La fixation de l’azote peut se produire naturellement par la foudre, car l’air très chaud brise les liaisons de N2 déclenchant la formation d’acide nitreux. Il peut être réalisé chimiquement dans une réaction appelée le procédé Haber-Bosch. La fixation biologique de l’azote se produit lorsque le N2 est converti en ammoniac par une enzyme appelée nitrogénase. Les micro-organismes qui fixent le N2 sont principalement anaérobies. La plupart des légumineuses (haricots, pois, etc.) ont des nodules dans leur système racinaire qui contiennent des bactéries symbiotiques appelées rhizobiums qui aident la plante à croître et à rivaliser avec d’autres plantes. Lorsque la plante meurt, l’azote fixe est libéré, ce qui le rend disponible pour d’autres plantes.

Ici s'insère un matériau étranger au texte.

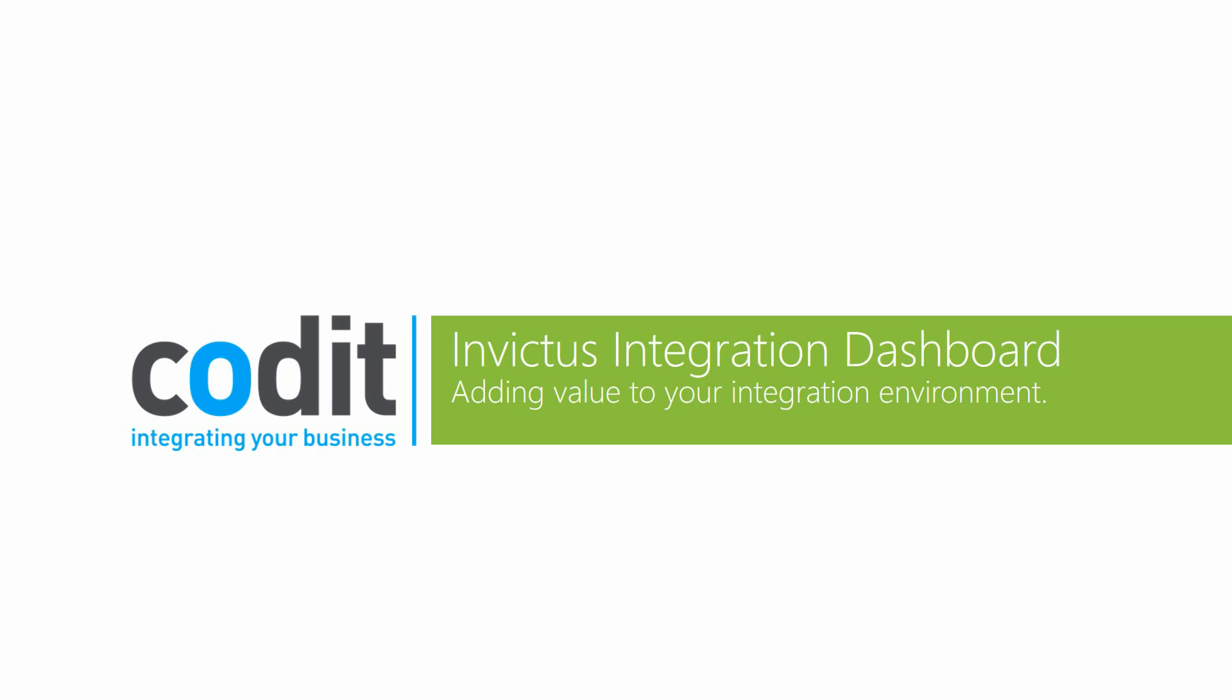Hi everyone. In this session I would like to guide you through the Invictus integration dashboard. I will start with a short introduction and then proceed with a demo.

La figure 4 montre le cycle de l’azote tel qu’il se produit en aquaponie. En aquaponie, deux parties de la chaîne alimentaire (producteurs primaires et consommateurs) qui se produisent habituellement ensemble sont séparées spatialement dans les compartiments aquacoles et hydroponiques. Les effets synergiques qui permettent une utilisation efficace des nutriments sont médiés par les micro-organismes.

Figure 4 : Le cycle de l’azote en aquaponie.

L’azote pénètre dans le système aquaponique via des aliments pour poissons, qui sont ingérés par les poissons et ensuite excrétés sous forme d’azote ammoniaque total (TAN, ammoniac - NH3 et ammonium - NH4 +) (Wongkiew et al. 2017). L’azote est converti en ammonium (NH4 +) dans des conditions de pH acide ou neutre, ou en ammoniac (NH3) à des niveaux de pH plus élevés. La concentration d’ammoniac dépend de la teneur en ammonium, du pH et de la température (figure 5, tableau 3). L’ammoniac est moins soluble dans l’eau que le NH4 + ; par conséquent, le NH3 est rapidement converti en une forme gazeuse et émis par l’eau (Gay & Knowlton 2009).

Alors que l’ammonium ( NH+) n’est pas toxique, l’ammoniac (NH) l’est. Par conséquent, le TAN devrait être retiré de l’eau du système et, idéalement, converti en nitrate pour deux raisons : (i) l’ammoniac et le nitrite, un produit secondaire de la nitrification, sont nocifs pour les poissons, tandis que le nitrate est toléré par les poissons jusqu’à 150 à 300 mg/L (Graber et Junge 2009) ; ii) Le TAN n’est pas optimal pour les plantes qui nécessitent principalement des nitrates ou un mélange d’ammonium et de nitrate pour la croissance (Hu et al. 2015). Ce processus d’oxydation biologique de l’ammoniac ou de l’ammonium en nitrite suivie de l’oxydation du nitrite en nitrate est appelé « nitrification** » et se déroule principalement dans le biofiltre des systèmes aquaponiques (tableau 4). La nitrification est un processus aérobique réalisé par de petits groupes de bactéries autotrophes et d’archées et a été découvert par le microbiologiste russe Sergei Winogradsky (1892).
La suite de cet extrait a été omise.